Our team recently lost a critical member suddenly and unexpectedly. This has caused a great deal of consternation as he was the glue that held our build system together. For years my company has paid short-shrift to devops, figuring that good enough was good enough.
This developer was hired originally to do devops for the team, but, as he had desire and skills to move into a developer role, he was fairly quickly spending half of his time (at least) writing code. I had worked with him over several years on getting the build system running along, only requiring maintenance on irregular intervals and, frankly, ignoring the odd collection of servers on which we were running.
There were always fires to put out or new products to get off the ground and to customers, sitting down and actually planning out our infrastructure never seemed all that exciting or important.
I'm sure many of you know how this goes. With that key critical piece of the team gone, we've been scrambling to figure out who owns which servers (this is a part of a large corporation, we've got servers owned and managed by at least three different entities), what, exactly, each one does, and what login credentials we have.

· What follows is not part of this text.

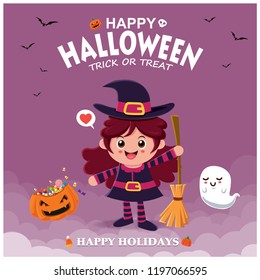 Vintage Halloween poster design with vector witch & ghost character. 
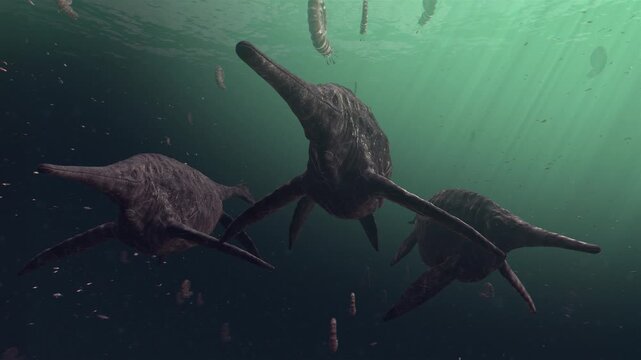 4K 3D animation of a pod of Shonisaurus swimming through the deep prehistoric ocean, surrounded by ancient ammonites and shimmering schools of fish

I'm not blaming the other developer, as I'm also to blame. Frankly the entire lab shares some responsibility as well. That's not really important at this point. What is important, however, is learning from the mistake and getting our system not only back up and running, but also documented and understood to the point that we can hire someone to manage it and improve it.
There are always excuses for not getting the build (or the project, or the test harness) documented, and sometimes those excuses are valid. Unfortunately there frequently comes a time when you have to pay for that technical debt.
Here's hoping that I personally and my team in general will learn and grow from this experience and find the right balance between moving quickly and ensuring our systems and designs are stable.